### PROVIDED RECORDS
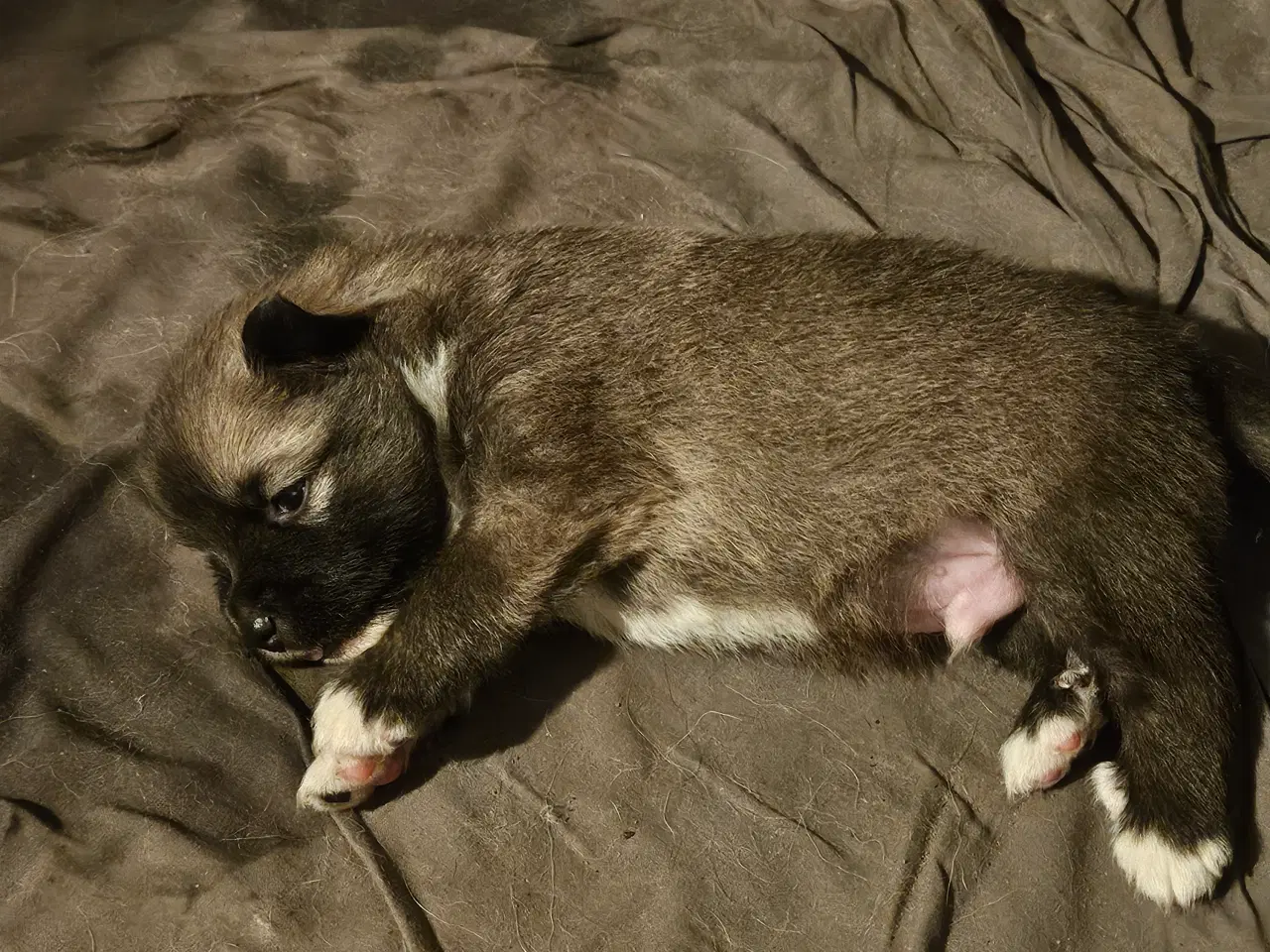 Billede 2 - Islandsk fårehunde hvalpe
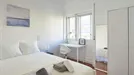 Room for rent, Lisbon (region), Avenida Miguel Bombarda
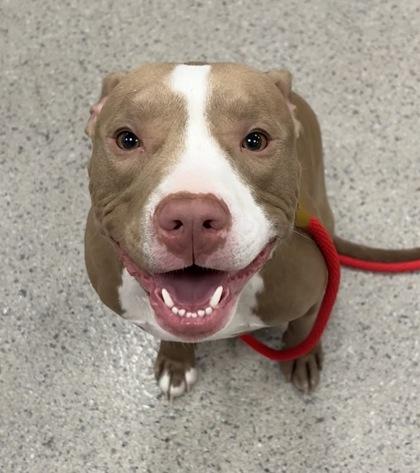 Scooby (bonded with Skyler) — thumbnail 2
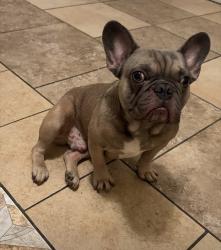 Lost Male Dog last seen planz and cottonwood, Bakersfield, CA 93307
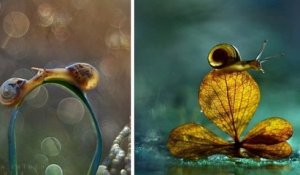 Ces portraits d'escargots mettent en valeur leur beauté insoupçonnée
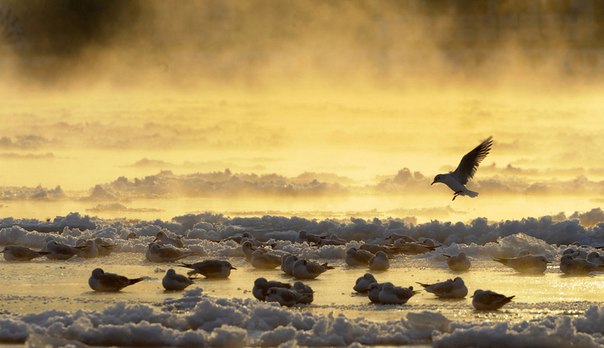 Птицы плавают в частично замёрзшей реке Эльбе, Дрезден, Германия.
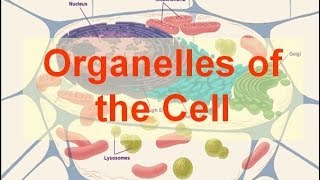 Organelles of the Cell [upl. by Amis]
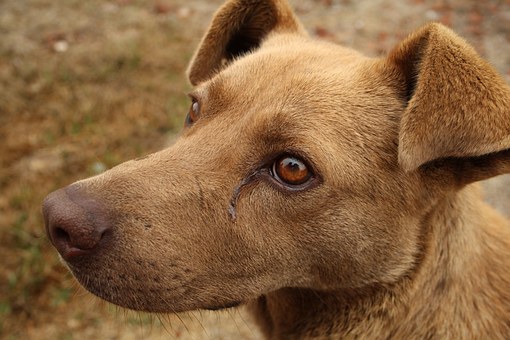 enfermedades-en-perros-sin-vacunas-letales-y-contagiosas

### DESCRIPTION OF THE TASK
Set down exactly the lines between the line containing "Lost Male Dog" and the end of the records above, both ends included; pictures stay out.

### YOUR SOLUTION
 Lost Male Dog last seen planz and cottonwood, Bakersfield, CA 93307
 Ces portraits d'escargots mettent en valeur leur beauté insoupçonnée
 Птицы плавают в частично замёрзшей реке Эльбе, Дрезден, Германия.
 Organelles of the Cell [upl. by Amis]
 enfermedades-en-perros-sin-vacunas-letales-y-contagiosas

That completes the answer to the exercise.